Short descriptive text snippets
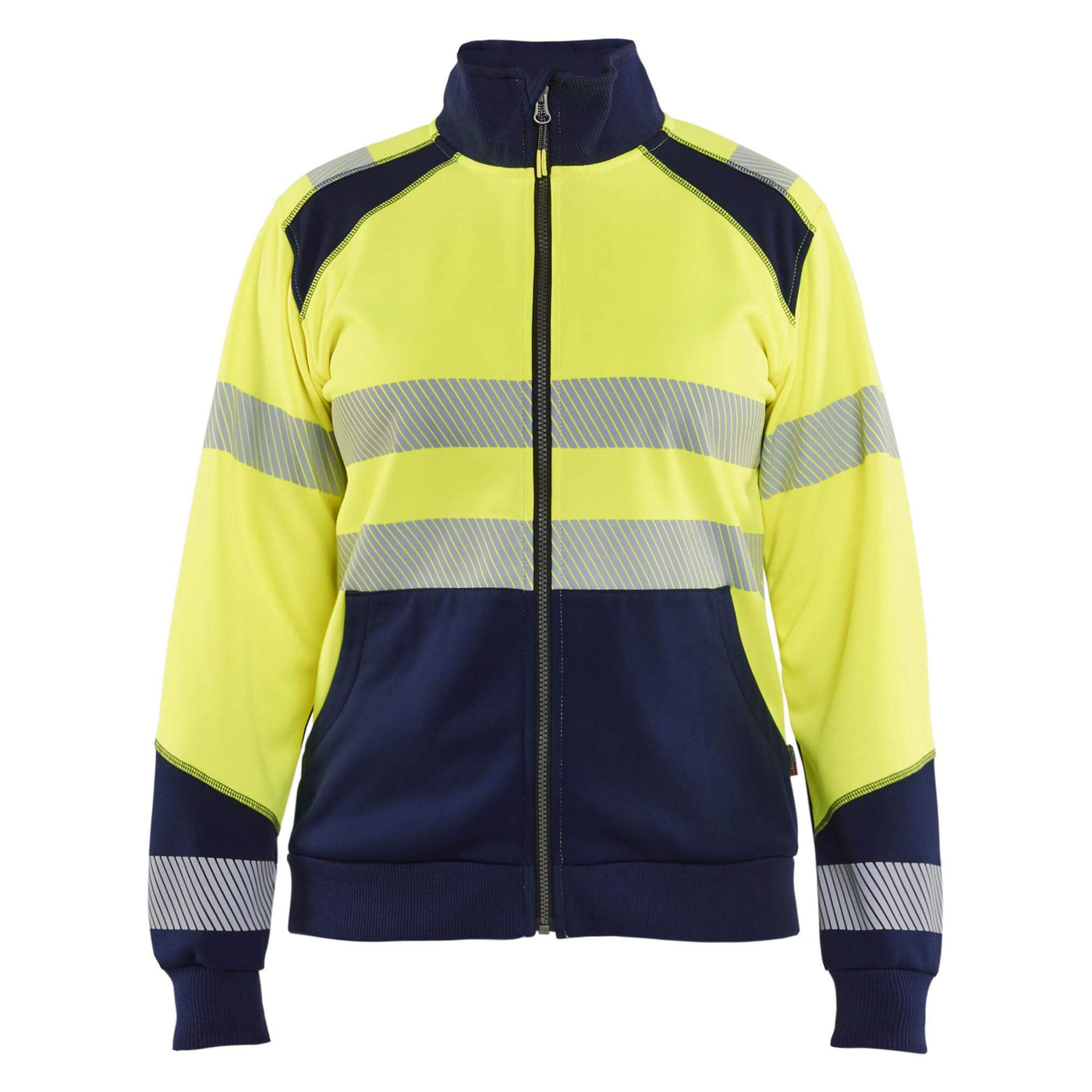 Blaklader 35082528 Womens Hi-Vis Sweatshirt With Zipper and Kangaroo Pocket Yellow/Navy Blue Main #colour_yellow-navy-blue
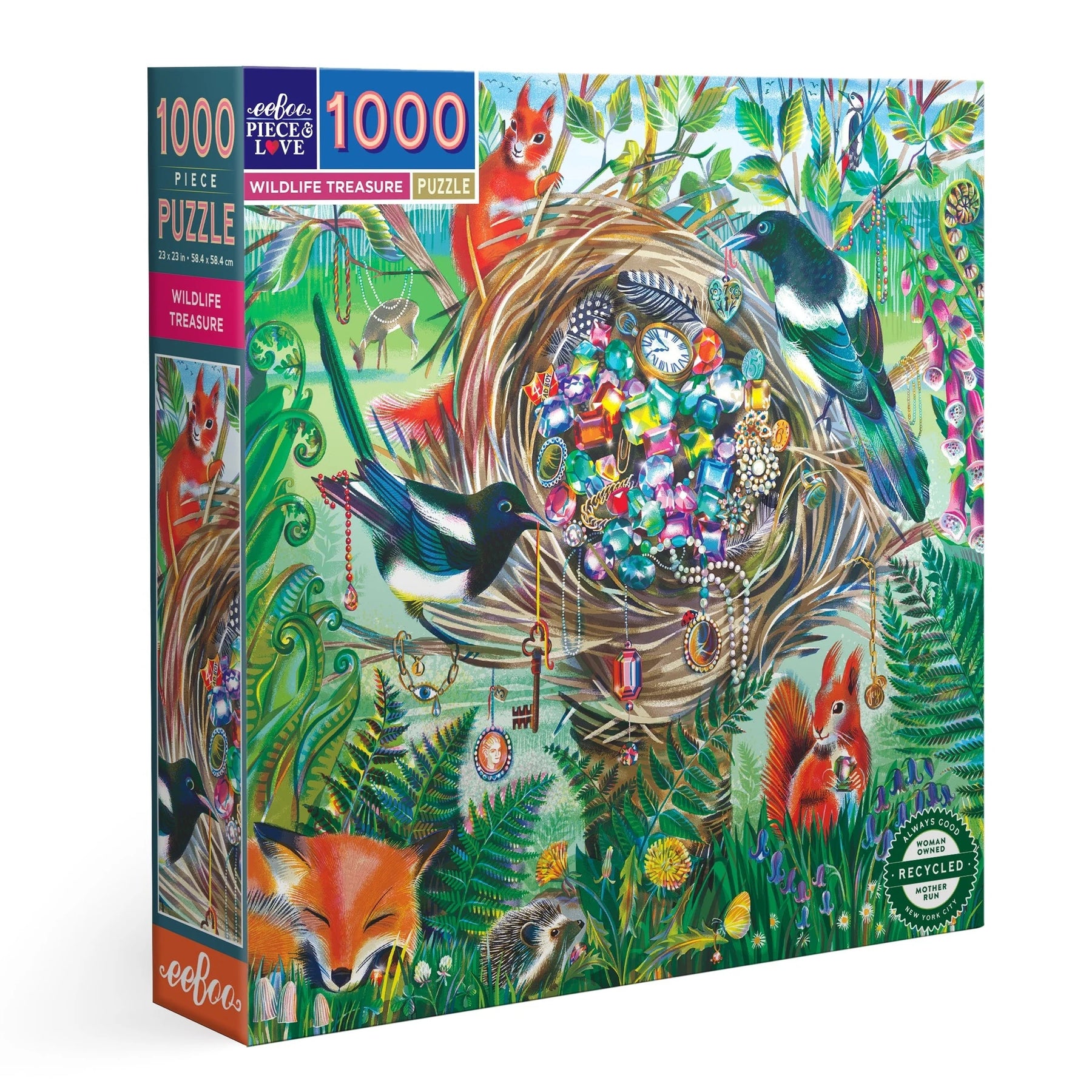eeBoo - Wildlife Treasure 1000 Piece Puzzle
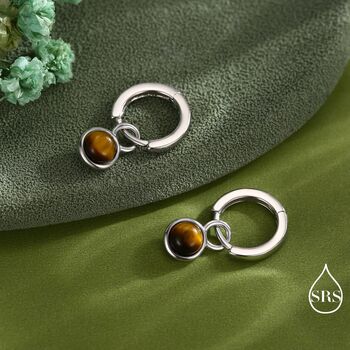 Sterling Silver Dangling Tiger's Eye Hoop Earrings, 2 of 11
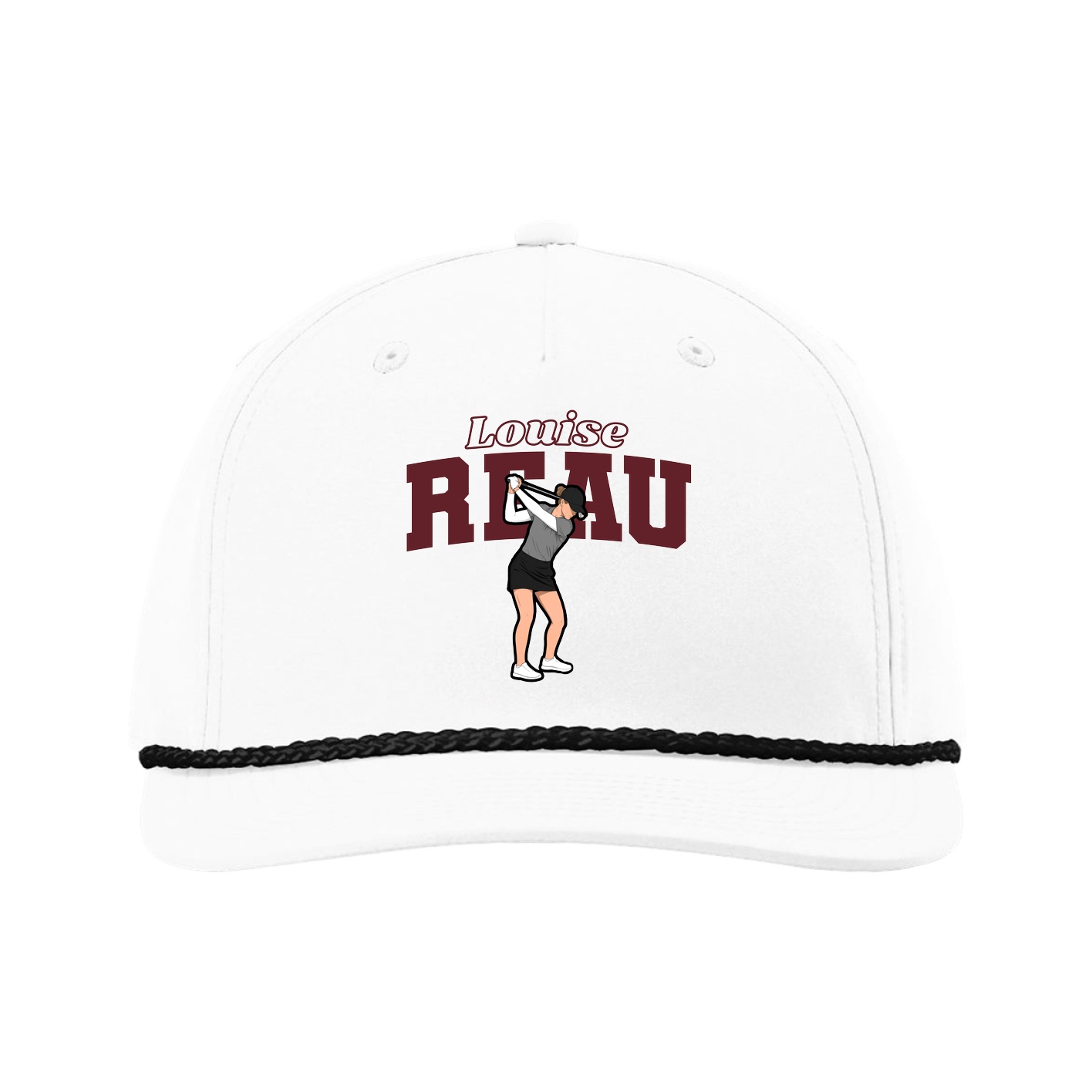 Five-Panel Classic Rope Cap — Name Arch in White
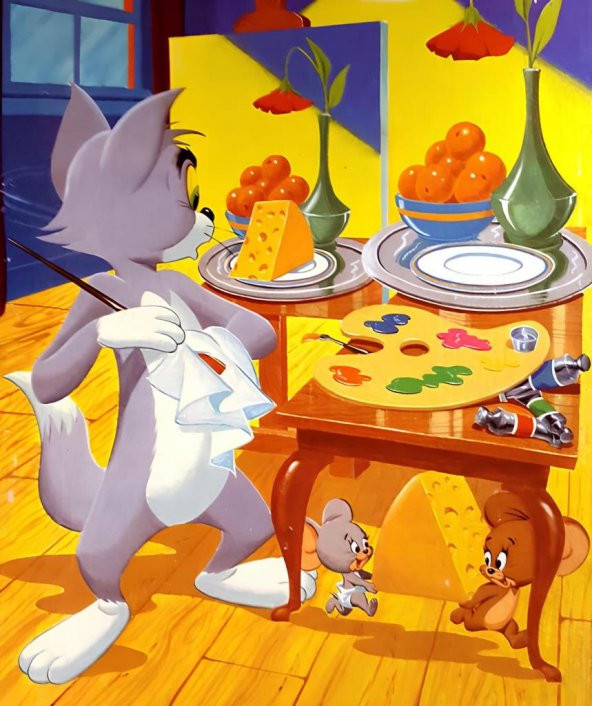 Movas Sanat Peynir Hırsızları - Tom ve Jerry | Elmas Mozaik Puzzle | 45x55 | E20204116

What to work on: Retype each entry precisely. Skip images entirely.

Response to this exercise:
 Blaklader 35082528 Womens Hi-Vis Sweatshirt With Zipper and Kangaroo Pocket Yellow/Navy Blue Main #colour_yellow-navy-blue
eeBoo - Wildlife Treasure 1000 Piece Puzzle
 Sterling Silver Dangling Tiger's Eye Hoop Earrings, 2 of 11
 Five-Panel Classic Rope Cap — Name Arch in White
 Movas Sanat Peynir Hırsızları - Tom ve Jerry | Elmas Mozaik Puzzle | 45x55 | E20204116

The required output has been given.